Para cada um desses eixos, qualquer cinéfilo poderia evocar vários filmes memoráveis, sobretudo americanos. Mas o embate entre a polícia e os cidadãos que ela defende revela, no filme de Padilha, uma especificidade nacional: nas classes privilegiadas e supostamente "ordeiras", a simpatia pelo crime e a antipatia pela polícia não são efeito, como de costume, de rebeldia e sede de aventuras. Elas nascem de um forte e difuso sentimento de culpa social ou, no mínimo, justificam-se por ele.

Mas vamos com calma. Em "Tropa de Elite", o cineasta José Padilha conseguiu, de maneira admirável, suspender o julgamento e apresentar nossa "guerra" cotidiana como um incômodo dilema moral, sem tomar partido.

Para alguns, essa suspensão do julgamento valeu como uma negação da culpa social que, aparentemente, segundo eles, deveria orientar nossa compreensão do mundo.
Com isso, o filme foi acusado de "idealizar" o Bope e de fazer uma apologia "fascista" do "Estado policial" e da tortura instituída.

Essas críticas são descabidas, mas resta a pergunta: será que não é perigoso calar nossa culpa social? Será que a culpa diante da injustiça não é justamente o que nos levaria a entendê-la melhor e a agir? Pois é, nada disso. Respondo: 1) Em regra, a culpa não produz ação, mas descarrego. Funciona da seguinte maneira: somos autorizados a fazer pouco ou nada para que a situação mude porque o sofrimento de nossa consciência nos absolve.

Inversão da frase de José Simão: "nóis goza" de muitos privilégios, mas "nóis sofre" de muita culpa. Somos desculpados de nossa inércia pela culpa que sentimos.

2) Também em regra, a culpa é péssima conselheira. Ela induz a acreditar numa contabilidade estapafúrdia, pela qual há cidadãos que devem e outros aos quais é devido, sem a mediação de lei alguma. Assim, Ferréz, na Folha da segunda passada, pode achar que o relógio roubado de Luciano Huck "paga" a miséria de seus assaltantes. Ele se expressa como se a lei não fosse (não devesse ser) a referência comum para todos: o problema não é que assaltar é crime, Huck é culpado e devedor, e o "correria" cobra o devido.

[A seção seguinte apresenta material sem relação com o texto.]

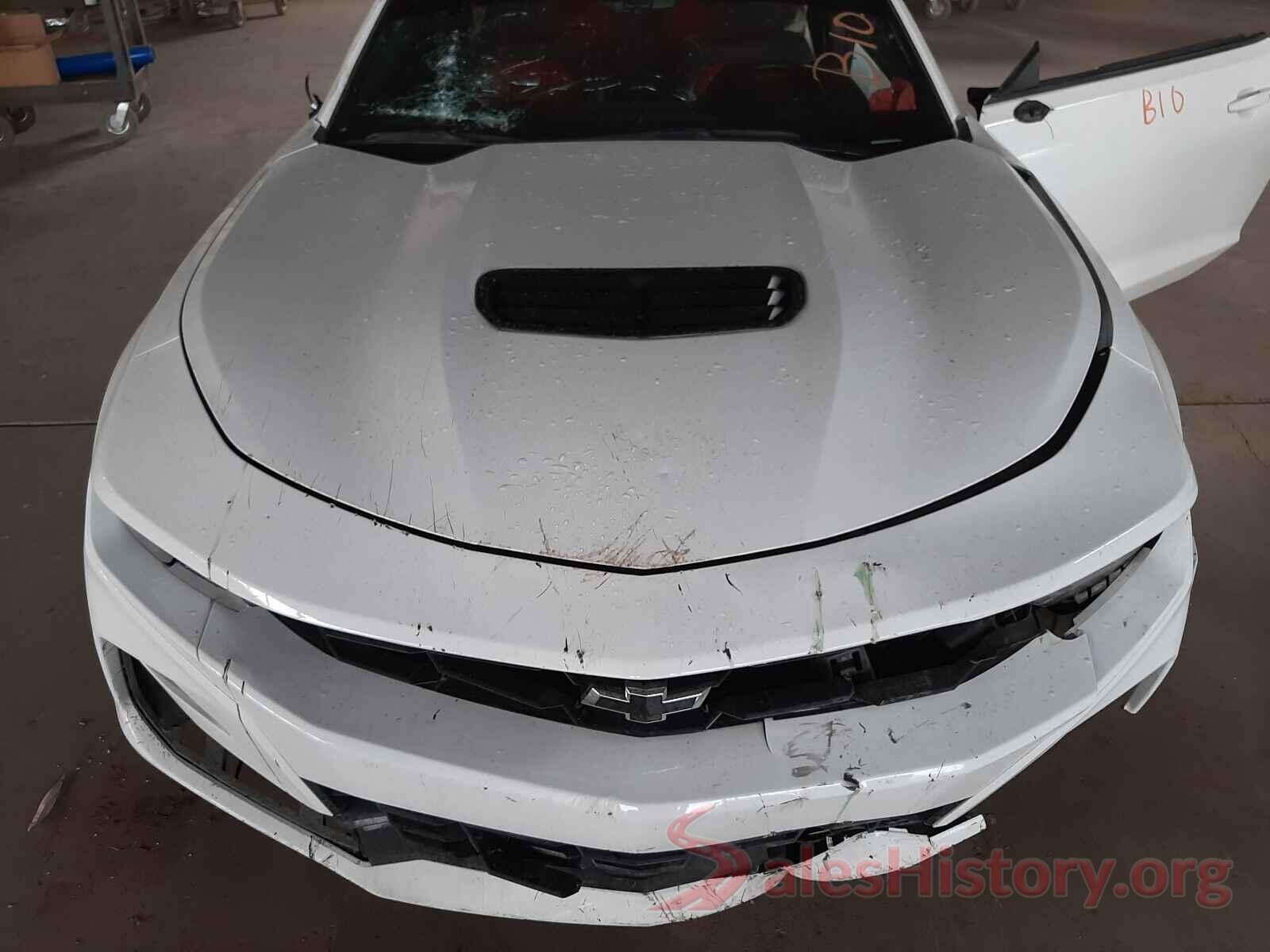 1G1FH1R73L0105430 2020 CHEVROLET CAMARO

Essa maneira de entender o social oferece a todos uma compensação substancial: se a lei não é a referência comum, podemos ser assaltados nos faróis, mas também podemos praticar cada tipo de mediocridade moral e de ilegalidade, sonegar, saquear o bem público, pagar salários de esmola e por aí vai.

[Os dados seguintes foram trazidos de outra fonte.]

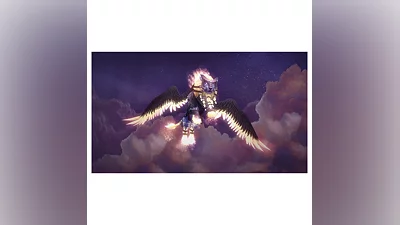 WOW Mount: Winged Guardian EU/RU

Em agosto, uma versão inacabada de "Tropa de Elite" foi distribuída ilegalmente em DVD, de camelô em camelô, pelo país afora. Nessa ocasião, houve vozes para justificar a pirataria e racionalizar um desrespeito endêmico à lei. Havia o estilo "eu não serei o único otário", que, grosso modo, diz assim: "Se Renan Calheiros é presidente do Senado, eu posso comprar um DVD pirata". E havia o estilo "está na hora de mudar", em que um ato que nega a propriedade intelectual é justificado diretamente pela injustiça social dominante. Valia tudo, salvo o óbvio: pela lei, piratear é crime.

Pois bem, quando a culpa organiza nossa visão do mundo, tudo é permitido, assaltar de moto, a pé, de carro ou de colarinho branco.

Se você quiser passar uma hora e meia com o coração na mão e se quiser pensar e viver a realidade nacional um pouco além dos limites impostos pela consciência culpada, não perca "Tropa de Elite".